Dans les zones de forte transmission, où 20 à 30 % des décès infantiles sont imputables à la malaria, rares sont les familles qui n’ont pas perdu un enfant, un frère, une sœur ou un être cher à cause de la maladie transmise par les moustiques. D’autant que la pandémie de Covid-19 a perturbé les efforts de lutte, contribuant à l’augmentation considérable des nombres de cas (14 millions) et de décès (69 000) entre 2019 et 2020. Les progrès réalisés dans la lutte antipaludique étaient déjà en stagnation ces dernières années, en raison notamment du manque de financements et de la résistance des moustiques et du parasite aux insecticides et aux antipaludéens.

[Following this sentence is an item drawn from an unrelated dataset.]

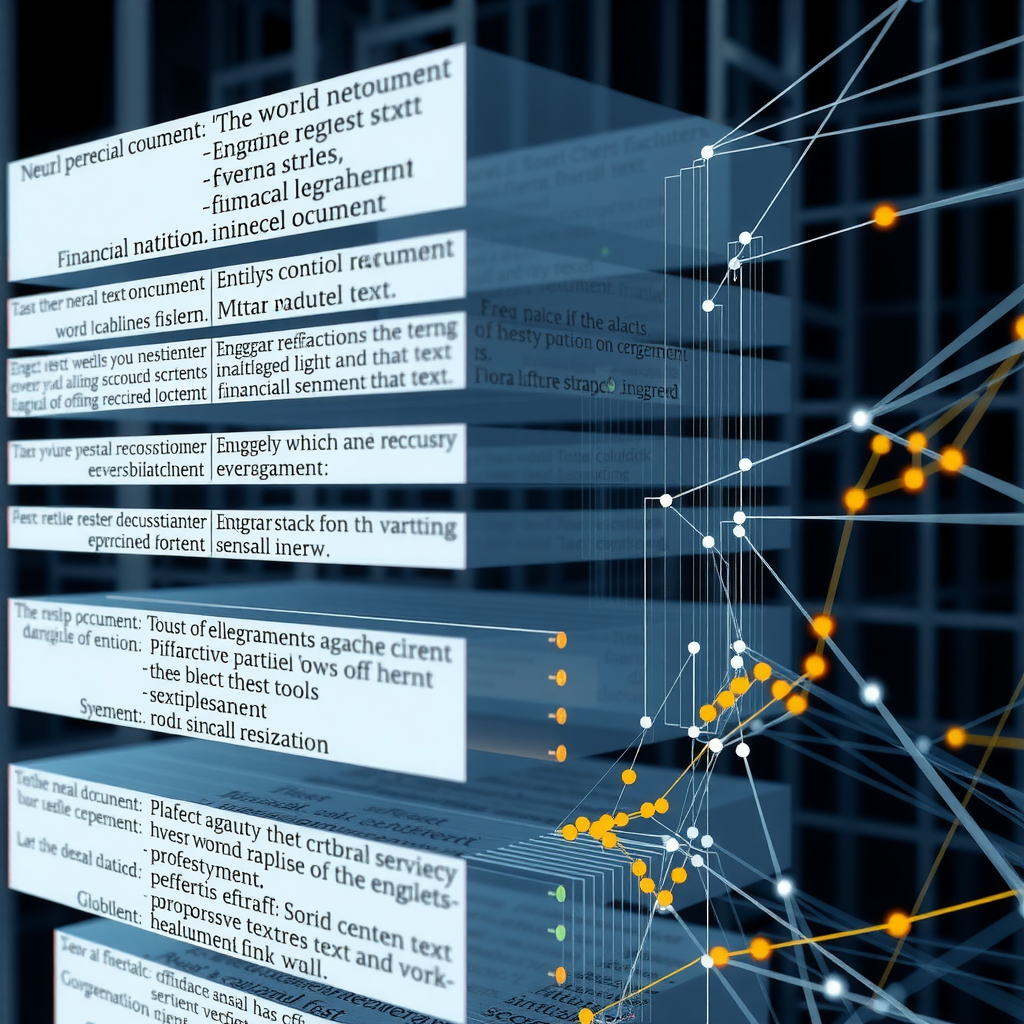 Detailed visualization of a neural network architecture processing financial document text, showing layers of analysis from word recognition through semantic understanding, with highlighted connections representing entity relationships and sentiment analysis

Une véritable «menace pour les efforts mondiaux de contrôle des vecteurs», déplore un porte-parole de l’Agence des Etats-Unis pour le développement international (Usaid).

Eventail d’outils

Si l’OMS salue «un parfait exemple d’innovation à l’œuvre et une percée scientifique», l’agence onusienne conseille aux Etats de considérer le vaccin comme faisant partie intégrante des outils dont ils disposent. «L’efficacité de RTS, S n’est que de 30 %, ce qui est encore trop peu. Le vaccin doit absolument être combiné à d’autres moyens de prévention, comme l’utilisation de moustiquaires imprégnées d’insecticide, estime la directrice de l’ONG Impact santé Afrique, Olivia Ngou. Il est nécessaire de poursuivre la recherche pour obtenir un vaccin avec au moins 80 à 90 % d’efficacité.» Une récente étude de la London School of Tropical Medicine a par ailleurs fait état d’une réduction de 70 % des hospitalisations et des décès chez les enfants ayant reçu le vaccin RTS, S associé à des traitements antipaludiques pendant la saison des pluies.

Les ministères de la Santé des pays endémiques devront désormais déterminer s’ils comptent introduire le nouveau vaccin dans le cadre de leurs plans nationaux de lutte contre la malaria. «Ces activités prendront du temps, et il est probable que l’extension du vaccin à de nouveaux pays commencera fin 2023, ajoute le Dr Mary Hamel. Nous nous attendons à ce que la demande de vaccin soit très élevée, et l’augmentation de l’offre pour répondre à la demande est une priorité.»